For my dissertation thesis I chose to implement a Coronavirus statistics app for Romania using differential privacy. Differential privacy is a concept in data privacy that aims to protect the privacy of individuals while allowing access to their data for statistical analysis. It provides a mathematical framework for measuring the privacy guarantees of a data analysis algorithm, and ensures that the algorithm does not reveal any individual's sensitive information.
The basic idea behind differential privacy is to add a controlled amount of random noise to a dataset, in order to hide the information of any specific individual. This noise is added in a way that is calibrated to the sensitivity of the data, so that the privacy of individuals is protected while still preserving the overall statistical properties of the dataset.
My inspiration for the project is the Australia Covid-19 Real-time Information System for Preparedness and Epidemic Response.Technologies used for the project are React with Javascript on frontend and Spring Boot on backend.
The starting page contains the authentication,where the user logins with the credentials or creates a new account.

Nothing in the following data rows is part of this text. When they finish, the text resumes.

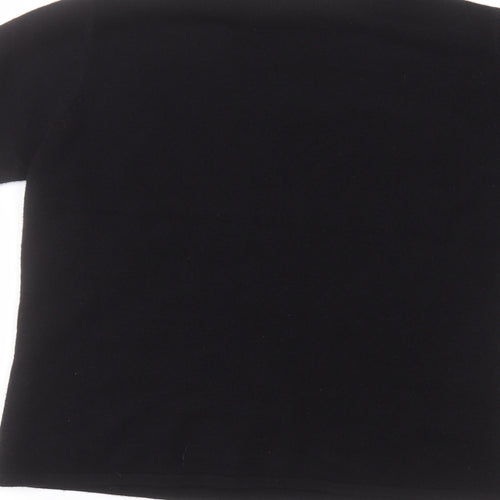 isabelle Womens Black  Acrylic Basic T-Shirt Size 12 Round Neck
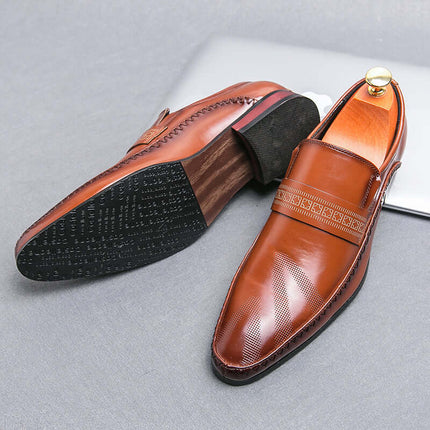 Silvano Leather Loafers showcasing Italian leather, patterned strap, and stitched detailing, highlighting elegance and slip-on comfort for formal occasions.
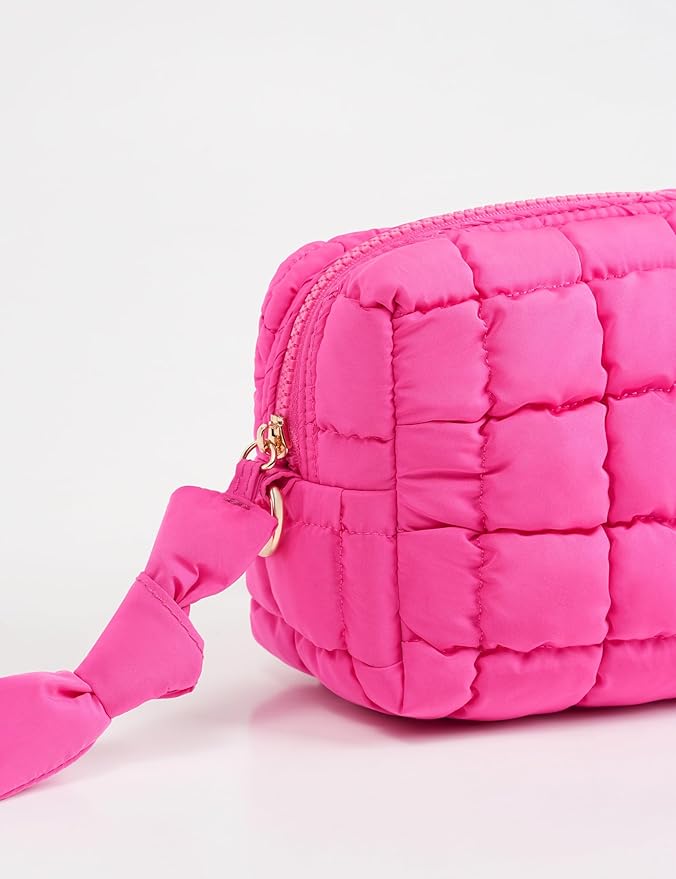 Yarnic Quilted Makeup Bag Cosmetic Bag, Travel Toiletry Bag for Women, Cute Makeup Bag Organizer Puffer Makeup Pouch (S, Hot Pink)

If the user doesn’t have an account,they can sign up and register.For registration I used react hook form to validate data on front end and put a min limit of 4 letters and max limit of 20 for password,age greater than 18.
On the main page I created a menu,which contains the home page,links to the data science and sites of infection,alert message system and about us page.
Contact page,where the user can get in touch with someone through the website.The form contains input for name,email adress and message.
For exposure sites I plan to display deaths for each county, along with a map with statistics and a graph with active covid, recovered and deaths.